» ACTION ITEM
Every line below from the one containing "camarote_salvador" through the one containing "Бренд для женщин с характером!" must be transcribed exactly. Omit all lines outside that stretch.

[MATERIALS PROVIDED — start]

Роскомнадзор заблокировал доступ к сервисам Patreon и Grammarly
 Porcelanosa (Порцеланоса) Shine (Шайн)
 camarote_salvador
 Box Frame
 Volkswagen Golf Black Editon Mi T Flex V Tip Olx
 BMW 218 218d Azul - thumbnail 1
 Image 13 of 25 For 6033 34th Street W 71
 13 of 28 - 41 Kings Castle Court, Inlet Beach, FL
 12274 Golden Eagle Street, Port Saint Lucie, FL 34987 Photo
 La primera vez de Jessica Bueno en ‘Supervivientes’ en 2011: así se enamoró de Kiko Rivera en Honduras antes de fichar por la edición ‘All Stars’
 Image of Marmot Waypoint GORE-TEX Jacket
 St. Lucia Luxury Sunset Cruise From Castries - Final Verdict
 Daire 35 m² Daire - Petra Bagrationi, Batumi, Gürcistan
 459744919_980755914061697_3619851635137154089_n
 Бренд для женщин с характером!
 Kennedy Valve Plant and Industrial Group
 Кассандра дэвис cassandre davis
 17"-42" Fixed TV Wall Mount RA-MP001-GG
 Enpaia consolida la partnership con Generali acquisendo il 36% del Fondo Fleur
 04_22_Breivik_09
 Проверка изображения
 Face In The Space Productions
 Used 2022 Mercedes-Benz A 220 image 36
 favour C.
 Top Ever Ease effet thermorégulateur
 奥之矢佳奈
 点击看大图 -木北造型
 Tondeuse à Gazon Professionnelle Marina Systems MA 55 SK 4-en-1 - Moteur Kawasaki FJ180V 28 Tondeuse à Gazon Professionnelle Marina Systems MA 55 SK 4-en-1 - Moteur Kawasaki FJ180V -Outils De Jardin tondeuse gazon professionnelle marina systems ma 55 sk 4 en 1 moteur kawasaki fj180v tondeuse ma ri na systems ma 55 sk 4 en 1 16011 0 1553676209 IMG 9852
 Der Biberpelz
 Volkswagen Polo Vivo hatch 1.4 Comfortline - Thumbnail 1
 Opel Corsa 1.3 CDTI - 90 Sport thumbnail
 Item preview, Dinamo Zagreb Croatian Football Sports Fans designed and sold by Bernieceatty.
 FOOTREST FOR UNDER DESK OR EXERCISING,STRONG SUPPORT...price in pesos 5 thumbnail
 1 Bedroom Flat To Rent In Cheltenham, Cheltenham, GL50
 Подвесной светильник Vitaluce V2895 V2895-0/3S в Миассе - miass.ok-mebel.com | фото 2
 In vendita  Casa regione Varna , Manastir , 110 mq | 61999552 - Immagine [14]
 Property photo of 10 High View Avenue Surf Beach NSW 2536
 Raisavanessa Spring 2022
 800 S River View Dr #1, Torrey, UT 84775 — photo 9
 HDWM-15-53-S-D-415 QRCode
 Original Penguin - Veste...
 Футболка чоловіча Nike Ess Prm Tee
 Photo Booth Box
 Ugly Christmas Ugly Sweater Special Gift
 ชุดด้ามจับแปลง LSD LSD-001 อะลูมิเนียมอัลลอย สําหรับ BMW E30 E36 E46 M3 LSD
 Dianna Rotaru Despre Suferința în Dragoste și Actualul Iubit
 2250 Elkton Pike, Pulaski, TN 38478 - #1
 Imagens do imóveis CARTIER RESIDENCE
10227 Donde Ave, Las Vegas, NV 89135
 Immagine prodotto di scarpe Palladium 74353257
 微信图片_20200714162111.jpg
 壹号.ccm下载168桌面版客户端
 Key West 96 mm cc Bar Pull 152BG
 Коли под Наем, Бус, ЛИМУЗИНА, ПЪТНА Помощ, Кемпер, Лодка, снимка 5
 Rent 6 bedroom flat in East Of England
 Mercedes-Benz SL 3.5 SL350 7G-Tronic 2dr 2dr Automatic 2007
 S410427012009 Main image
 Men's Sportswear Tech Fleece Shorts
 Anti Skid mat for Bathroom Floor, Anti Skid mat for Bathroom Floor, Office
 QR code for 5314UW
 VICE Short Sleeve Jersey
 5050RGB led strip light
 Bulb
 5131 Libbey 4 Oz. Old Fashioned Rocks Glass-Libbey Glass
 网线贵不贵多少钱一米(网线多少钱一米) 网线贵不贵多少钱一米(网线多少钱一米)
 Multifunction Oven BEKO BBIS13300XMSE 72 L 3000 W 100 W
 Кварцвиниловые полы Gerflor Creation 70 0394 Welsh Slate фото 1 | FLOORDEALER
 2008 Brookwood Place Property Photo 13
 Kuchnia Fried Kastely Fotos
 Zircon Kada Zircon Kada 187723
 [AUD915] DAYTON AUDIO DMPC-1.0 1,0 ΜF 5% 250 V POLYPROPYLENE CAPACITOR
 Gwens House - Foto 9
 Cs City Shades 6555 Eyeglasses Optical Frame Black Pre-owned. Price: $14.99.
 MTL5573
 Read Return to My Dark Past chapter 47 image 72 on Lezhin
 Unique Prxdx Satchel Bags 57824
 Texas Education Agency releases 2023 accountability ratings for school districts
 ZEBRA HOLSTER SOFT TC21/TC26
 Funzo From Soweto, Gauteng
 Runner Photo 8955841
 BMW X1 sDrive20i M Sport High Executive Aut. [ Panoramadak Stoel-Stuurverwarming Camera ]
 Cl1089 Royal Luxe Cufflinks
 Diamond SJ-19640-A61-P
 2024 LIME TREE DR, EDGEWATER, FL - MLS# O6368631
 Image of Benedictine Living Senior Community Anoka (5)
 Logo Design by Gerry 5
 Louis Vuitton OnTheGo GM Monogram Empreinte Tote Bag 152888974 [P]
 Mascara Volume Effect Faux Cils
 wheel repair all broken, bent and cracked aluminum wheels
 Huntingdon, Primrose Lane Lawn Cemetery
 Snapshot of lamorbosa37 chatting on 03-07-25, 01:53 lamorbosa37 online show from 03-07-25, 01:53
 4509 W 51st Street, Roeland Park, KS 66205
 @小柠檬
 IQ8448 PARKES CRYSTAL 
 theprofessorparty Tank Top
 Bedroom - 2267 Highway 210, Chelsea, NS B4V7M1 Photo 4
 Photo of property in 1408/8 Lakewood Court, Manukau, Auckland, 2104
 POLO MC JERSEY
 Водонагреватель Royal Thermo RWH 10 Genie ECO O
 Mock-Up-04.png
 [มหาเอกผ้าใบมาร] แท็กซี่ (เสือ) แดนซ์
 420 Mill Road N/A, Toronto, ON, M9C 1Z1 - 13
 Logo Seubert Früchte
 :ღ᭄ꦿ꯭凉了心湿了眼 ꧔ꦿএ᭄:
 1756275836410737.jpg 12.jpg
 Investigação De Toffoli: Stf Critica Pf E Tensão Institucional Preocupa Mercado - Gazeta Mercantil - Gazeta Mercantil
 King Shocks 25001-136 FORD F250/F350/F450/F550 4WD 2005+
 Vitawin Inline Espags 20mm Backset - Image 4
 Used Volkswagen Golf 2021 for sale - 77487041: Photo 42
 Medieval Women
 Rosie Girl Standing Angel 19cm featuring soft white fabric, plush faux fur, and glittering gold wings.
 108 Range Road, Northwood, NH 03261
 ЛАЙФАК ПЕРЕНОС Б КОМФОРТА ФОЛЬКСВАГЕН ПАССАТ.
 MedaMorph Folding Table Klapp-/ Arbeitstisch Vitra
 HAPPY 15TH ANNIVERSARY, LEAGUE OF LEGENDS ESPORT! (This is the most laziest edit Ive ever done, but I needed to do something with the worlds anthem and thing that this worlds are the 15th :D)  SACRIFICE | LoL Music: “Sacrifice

[MATERIALS PROVIDED — finish]

» FINISHED TASK
 camarote_salvador
 Box Frame
 Volkswagen Golf Black Editon Mi T Flex V Tip Olx
 BMW 218 218d Azul - thumbnail 1
 Image 13 of 25 For 6033 34th Street W 71
 13 of 28 - 41 Kings Castle Court, Inlet Beach, FL
 12274 Golden Eagle Street, Port Saint Lucie, FL 34987 Photo
 La primera vez de Jessica Bueno en ‘Supervivientes’ en 2011: así se enamoró de Kiko Rivera en Honduras antes de fichar por la edición ‘All Stars’
 Image of Marmot Waypoint GORE-TEX Jacket
 St. Lucia Luxury Sunset Cruise From Castries - Final Verdict
 Daire 35 m² Daire - Petra Bagrationi, Batumi, Gürcistan
 459744919_980755914061697_3619851635137154089_n
 Бренд для женщин с характером!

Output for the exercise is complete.